17 Responses to The power of ‘best bets’

  1. Tom Burkard says:

    There’s a slight problem with this analysis: comparing teaching methods–indeed the whole Hattie and Yates approach to what works–is bedeviled by the effects of prior teacher training and experience. A 1991 study of Federally-funded initiatives found little evidence that they were implemented consistently or faithfully. In a 2001 study of a Michigan reading initiative, Standerford found that “. . .changes attempted were rarely inconsistent with the teacher’s prior knowledge or beliefs about the best way to teach reading”.

  2. howardat58 says:

    Maybe the gut feeling is the correct one, since for “up to 4” gives an average of 2ish, and 20%, which is the “can’t read” estimate for 30 kids, is 7.6%. Simple proportions reveal almost all in this case.

    • David Didau says:

      Wooosh! (That was you missing the point :))

      • howardat58 says:

        Not exactly!

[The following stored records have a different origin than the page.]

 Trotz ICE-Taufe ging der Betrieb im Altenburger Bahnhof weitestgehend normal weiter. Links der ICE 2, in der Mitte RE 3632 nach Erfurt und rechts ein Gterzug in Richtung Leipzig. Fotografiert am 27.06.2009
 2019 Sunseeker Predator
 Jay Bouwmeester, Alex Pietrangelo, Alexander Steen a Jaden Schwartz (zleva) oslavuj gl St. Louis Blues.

I was commenting on the dangers of putting fancy statistics in the hands of teachers, as most would leave alone most of the stuff. Also “Maybe..” was the wrong word.
        I liked the comment that when teachers use some novel, fancy stuff they still hold on to a variation of the “old” stuff. Am I missing this point as well?

        • David Didau says:

          I should have been clearer – it’s definitely a bad idea to give teachers ‘fancy statistics’ – I deliberately chose that example so that it was hard to compare – but this doesn’t mean that professionals shouldn’t be given clear guidance on what research tells us about competing methodologies.

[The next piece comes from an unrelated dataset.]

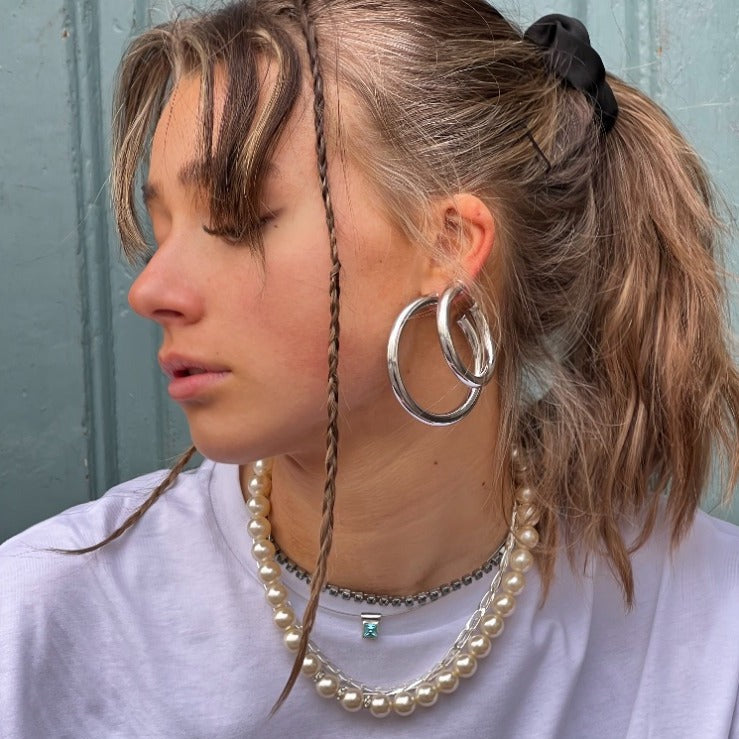 Find Øreringe, chunky hoops, forsølvet messing, 60 x 6 mm hos Beadhouse of Copenhagen i dag, med en altid hurtig levering!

      • My gut feeling was to choose method 2 – it was clearly more successful if only 3 children per school did not learn to read, as opposed to 20% (unless all schools contain only 15 children, of course). Actually, it clearly wasn’t a gut feeling, it was based on the statistics offered (I used to do statistics for my school and also worked on them as a civil servant and did a lot of research on the per 1000 tables of the census for historical research, so perhaps not typical).

  3. bocks1 says:

    ‘As I explained here, relying on individual teachers’ intuitions is rarely a good indication of what will be most effective.’

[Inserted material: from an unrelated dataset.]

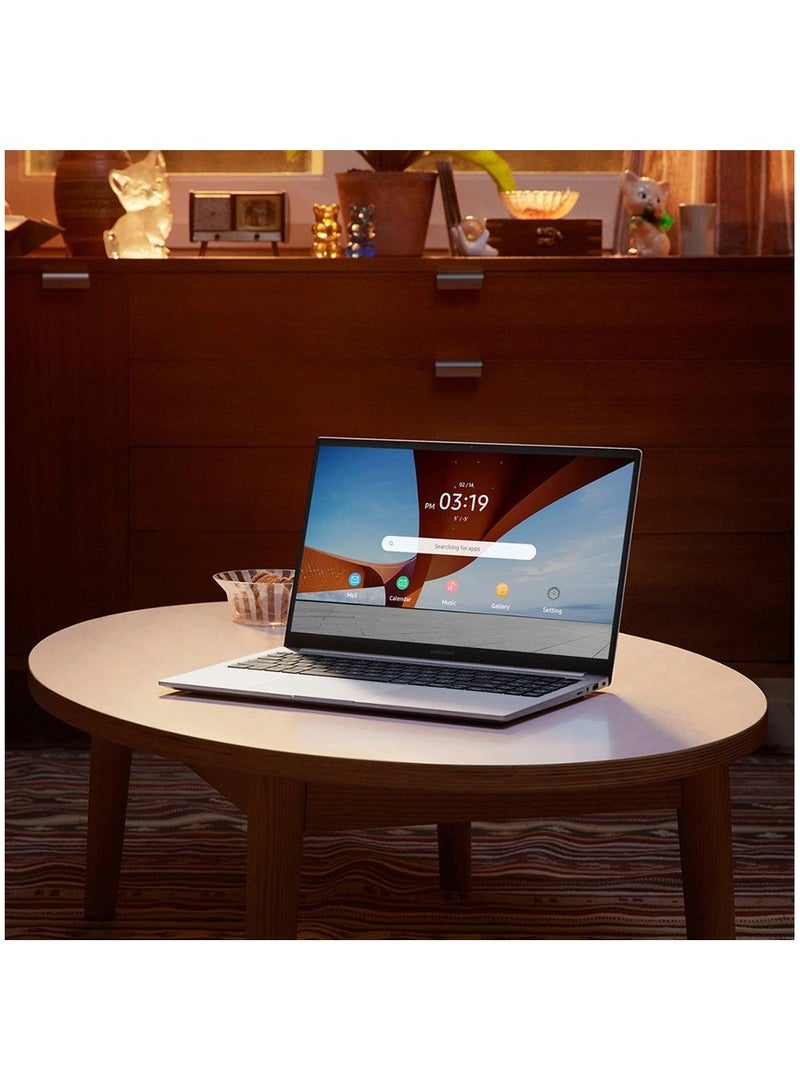 Samsung - Galaxy Book 4 15.6 Inch FHD Display, Intel Core 7 Processor/16GB RAM/512GB SSD/Intel Iris XE Graphics/Windows 11 Home English Silver - Image 1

    However, as the article itself almost implicitly suggests, this is frequently what we are left with as so little research is even close to absolute truths in education – maybe even hence the trad v prog debate continuing pointlessly for so long. The outcome is all too often characterised by polarised posturing.

    Hattie admits to flaws in his maths – should have been knowledge instructed better? Dweck admits to misinterpretation of her work and therefore application – should have explained herself more clearly? EEF use criteria which may make some scientific sense (allegedly) but seem to have removed human interaction and equated monetary value as learning value – should have consulted teachers alot more carefully? VAK theory didn’t take account of a lack of understanding of the brain and neuroscience (ironically) – should have gone to spec savers!

    Problem is we don’t know but in between not knowing (for sure) brilliant teachers make intuitive judgements and get brilliant results so, it may not be the best way, but it is a constant referencing and re-referencing from what we have taught ‘well’, to whom and in what context that influences us most.

    Lots of food for thought as usual.

    • mhorley says:

      I had a similar reaction which was that I’ve never read any research that makes such a clear cut claim that Method A is better than Method B. Teaching is a personal experience. I have often attempted to teach using an approach or a resource that others have found wonderful, only to fall on my face with it. I get the probabilities thing, but that should be overlaid with the personal preference of the professional giving the lesson. If that person is not confident / happy with the thing that the research says works most of the time, then it’s probably not going to work this time.

      • David Didau says:

        Seriously? If you like using brain gym we should just accept that and leave you to get on with it?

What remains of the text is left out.